[PATCH 3/4] perf, x86: Use counter freezing with Arch Perfmon v4

From: Andi Kleen
Date: Thu Oct 15 2015 - 19:39:30 EST


From: Andi Kleen <ak@xxxxxxxxxxxxxxx>

Now that we have reliable LBR unfreezing we can also use
real counter freezing.

Arch Perfmon v4 has an improved counter freezing implementation.

With counter freezing the PMU automatically "freezes" all counters
on a counter overflow, so that the PMI handler does not need to
explicitly disable the counter.

With arch perfmon 4 the freeze bits are explicit bits in GLOBAL_STATUS
now, which avoids a range of races in the previous implementation,
and also allows avoiding an extra write to GLOBAL_CTRL.

Advantages of counter freezes:
- It avoids a couple of costly extra MSR writes in the PMI handler
- It makes the PMI handler more accurate, as all counters get
frozen atomically as soon as any counter overflows.
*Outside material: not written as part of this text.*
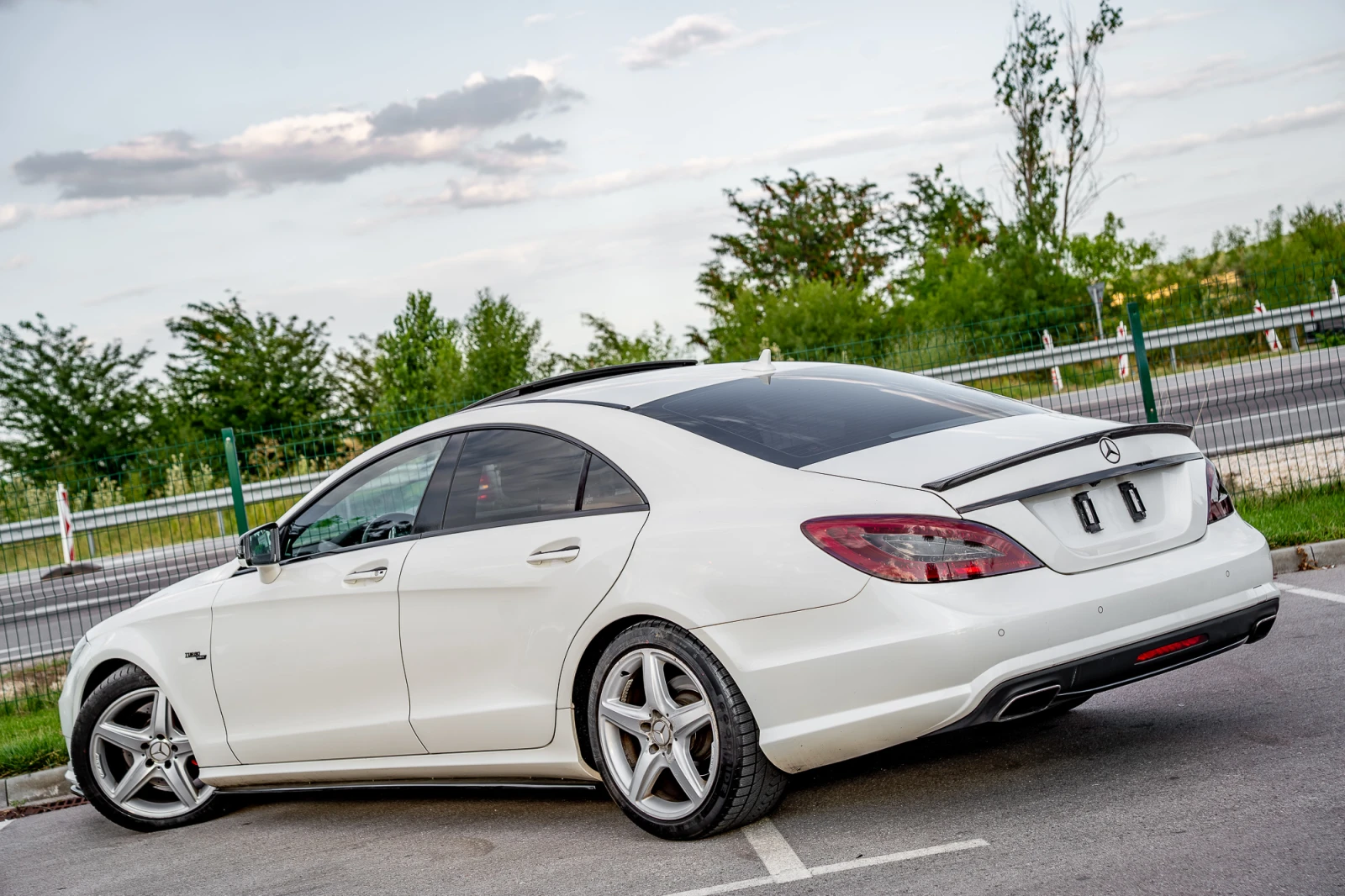 Mercedes-Benz CLS 350 FULL !!* AMG* DISTRONIC* SHADOW LINE, снимка 3 - Автомобили и джипове - 55424543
So there is
much less counting of the PMI handler itself.

With the freezing we don't need to disable or enable counters or PEBS. Only
BTS which does not support auto-freezing still needs to be explicitly
disabled.

The "status counter ack" serves as the reenable action, by clearing
the freeze bits in the status register.

So previously for a PEBS counter the PMI would do (each line a MSR access)

disable global ctrl
disable pebs
read status
ack status
read status again
reenable global ctrl
reenable pebs

(5x WRMSR, 2x RDMSR)

With the new counter freezing support this is simplified to:

read status
ack

(1x WRMSR, 1x RDMSR)

The counter freezing code is only used when the CPU model
opted into the new style status ack after apic sequence. So it's currently
only used on Skylake.

One issue is that the hardware doesn't like changing the period in
freeze mode. To avoid any issues here we only use counter freezing
when all counters are not in frequency mode, but have a fixed period.
This is kept track of with new per CPU state.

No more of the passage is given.